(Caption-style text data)
☆ ☆ ☆

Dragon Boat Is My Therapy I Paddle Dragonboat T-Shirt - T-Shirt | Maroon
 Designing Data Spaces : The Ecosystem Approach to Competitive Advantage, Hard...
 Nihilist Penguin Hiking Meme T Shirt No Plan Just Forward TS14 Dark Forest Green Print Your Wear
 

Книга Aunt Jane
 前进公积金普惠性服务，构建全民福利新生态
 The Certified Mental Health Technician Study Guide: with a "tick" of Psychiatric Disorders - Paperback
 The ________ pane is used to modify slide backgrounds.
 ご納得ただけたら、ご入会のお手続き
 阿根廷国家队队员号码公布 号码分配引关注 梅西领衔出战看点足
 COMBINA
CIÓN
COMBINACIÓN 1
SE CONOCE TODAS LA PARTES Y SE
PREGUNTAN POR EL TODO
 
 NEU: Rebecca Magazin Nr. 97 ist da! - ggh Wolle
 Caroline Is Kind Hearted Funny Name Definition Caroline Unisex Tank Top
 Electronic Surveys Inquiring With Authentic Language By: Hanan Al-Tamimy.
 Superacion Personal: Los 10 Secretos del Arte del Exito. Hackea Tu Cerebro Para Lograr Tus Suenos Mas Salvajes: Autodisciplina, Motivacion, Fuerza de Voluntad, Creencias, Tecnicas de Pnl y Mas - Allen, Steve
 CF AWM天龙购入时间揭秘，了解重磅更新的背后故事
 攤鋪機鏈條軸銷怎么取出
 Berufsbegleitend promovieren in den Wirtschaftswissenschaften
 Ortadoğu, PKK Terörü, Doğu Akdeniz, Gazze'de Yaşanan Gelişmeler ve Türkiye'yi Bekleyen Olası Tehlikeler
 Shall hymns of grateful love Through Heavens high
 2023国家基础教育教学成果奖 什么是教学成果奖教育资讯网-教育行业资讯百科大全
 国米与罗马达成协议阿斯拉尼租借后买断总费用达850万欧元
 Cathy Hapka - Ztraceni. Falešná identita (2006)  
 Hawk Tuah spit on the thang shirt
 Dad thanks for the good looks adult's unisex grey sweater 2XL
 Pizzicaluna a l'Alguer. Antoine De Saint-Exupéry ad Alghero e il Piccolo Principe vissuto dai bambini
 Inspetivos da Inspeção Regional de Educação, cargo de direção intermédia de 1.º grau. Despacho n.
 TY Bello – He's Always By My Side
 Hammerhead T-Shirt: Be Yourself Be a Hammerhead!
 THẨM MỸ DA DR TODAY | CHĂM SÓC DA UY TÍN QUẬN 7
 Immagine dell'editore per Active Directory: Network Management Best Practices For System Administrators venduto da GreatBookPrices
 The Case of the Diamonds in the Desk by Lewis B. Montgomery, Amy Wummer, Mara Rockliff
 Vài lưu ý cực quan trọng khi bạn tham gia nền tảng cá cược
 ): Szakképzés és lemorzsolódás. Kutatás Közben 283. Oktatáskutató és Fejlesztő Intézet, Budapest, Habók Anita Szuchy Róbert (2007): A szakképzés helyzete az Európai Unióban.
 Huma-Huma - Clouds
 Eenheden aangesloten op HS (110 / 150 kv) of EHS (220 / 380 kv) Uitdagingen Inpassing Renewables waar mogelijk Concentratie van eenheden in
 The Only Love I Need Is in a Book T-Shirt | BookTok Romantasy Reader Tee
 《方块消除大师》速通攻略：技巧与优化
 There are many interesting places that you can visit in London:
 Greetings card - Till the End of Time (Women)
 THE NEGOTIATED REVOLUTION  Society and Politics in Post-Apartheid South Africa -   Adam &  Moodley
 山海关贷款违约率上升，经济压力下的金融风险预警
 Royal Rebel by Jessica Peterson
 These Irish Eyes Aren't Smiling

☆ ☆ ☆

* [Aim of the exercise]
Retype each record, matching it exactly.

* [Task response]
Dragon Boat Is My Therapy I Paddle Dragonboat T-Shirt - T-Shirt | Maroon
 Designing Data Spaces : The Ecosystem Approach to Competitive Advantage, Hard...
 Nihilist Penguin Hiking Meme T Shirt No Plan Just Forward TS14 Dark Forest Green Print Your Wear
 

Книга Aunt Jane
 前进公积金普惠性服务，构建全民福利新生态
 The Certified Mental Health Technician Study Guide: with a "tick" of Psychiatric Disorders - Paperback
 The ________ pane is used to modify slide backgrounds.
 ご納得ただけたら、ご入会のお手続き
 阿根廷国家队队员号码公布 号码分配引关注 梅西领衔出战看点足
 COMBINA
CIÓN
COMBINACIÓN 1
SE CONOCE TODAS LA PARTES Y SE
PREGUNTAN POR EL TODO
 
 NEU: Rebecca Magazin Nr. 97 ist da! - ggh Wolle
 Caroline Is Kind Hearted Funny Name Definition Caroline Unisex Tank Top
 Electronic Surveys Inquiring With Authentic Language By: Hanan Al-Tamimy.
 Superacion Personal: Los 10 Secretos del Arte del Exito. Hackea Tu Cerebro Para Lograr Tus Suenos Mas Salvajes: Autodisciplina, Motivacion, Fuerza de Voluntad, Creencias, Tecnicas de Pnl y Mas - Allen, Steve
 CF AWM天龙购入时间揭秘，了解重磅更新的背后故事
 攤鋪機鏈條軸銷怎么取出
 Berufsbegleitend promovieren in den Wirtschaftswissenschaften
 Ortadoğu, PKK Terörü, Doğu Akdeniz, Gazze'de Yaşanan Gelişmeler ve Türkiye'yi Bekleyen Olası Tehlikeler
 Shall hymns of grateful love Through Heavens high
 2023国家基础教育教学成果奖 什么是教学成果奖教育资讯网-教育行业资讯百科大全
 国米与罗马达成协议阿斯拉尼租借后买断总费用达850万欧元
 Cathy Hapka - Ztraceni. Falešná identita (2006)  
 Hawk Tuah spit on the thang shirt
 Dad thanks for the good looks adult's unisex grey sweater 2XL
 Pizzicaluna a l'Alguer. Antoine De Saint-Exupéry ad Alghero e il Piccolo Principe vissuto dai bambini
 Inspetivos da Inspeção Regional de Educação, cargo de direção intermédia de 1.º grau. Despacho n.
 TY Bello – He's Always By My Side
 Hammerhead T-Shirt: Be Yourself Be a Hammerhead!
 THẨM MỸ DA DR TODAY | CHĂM SÓC DA UY TÍN QUẬN 7
 Immagine dell'editore per Active Directory: Network Management Best Practices For System Administrators venduto da GreatBookPrices
 The Case of the Diamonds in the Desk by Lewis B. Montgomery, Amy Wummer, Mara Rockliff
 Vài lưu ý cực quan trọng khi bạn tham gia nền tảng cá cược
 ): Szakképzés és lemorzsolódás. Kutatás Közben 283. Oktatáskutató és Fejlesztő Intézet, Budapest, Habók Anita Szuchy Róbert (2007): A szakképzés helyzete az Európai Unióban.
 Huma-Huma - Clouds
 Eenheden aangesloten op HS (110 / 150 kv) of EHS (220 / 380 kv) Uitdagingen Inpassing Renewables waar mogelijk Concentratie van eenheden in
 The Only Love I Need Is in a Book T-Shirt | BookTok Romantasy Reader Tee
 《方块消除大师》速通攻略：技巧与优化
 There are many interesting places that you can visit in London:
 Greetings card - Till the End of Time (Women)
 THE NEGOTIATED REVOLUTION  Society and Politics in Post-Apartheid South Africa -   Adam &  Moodley
 山海关贷款违约率上升，经济压力下的金融风险预警
 Royal Rebel by Jessica Peterson
 These Irish Eyes Aren't Smiling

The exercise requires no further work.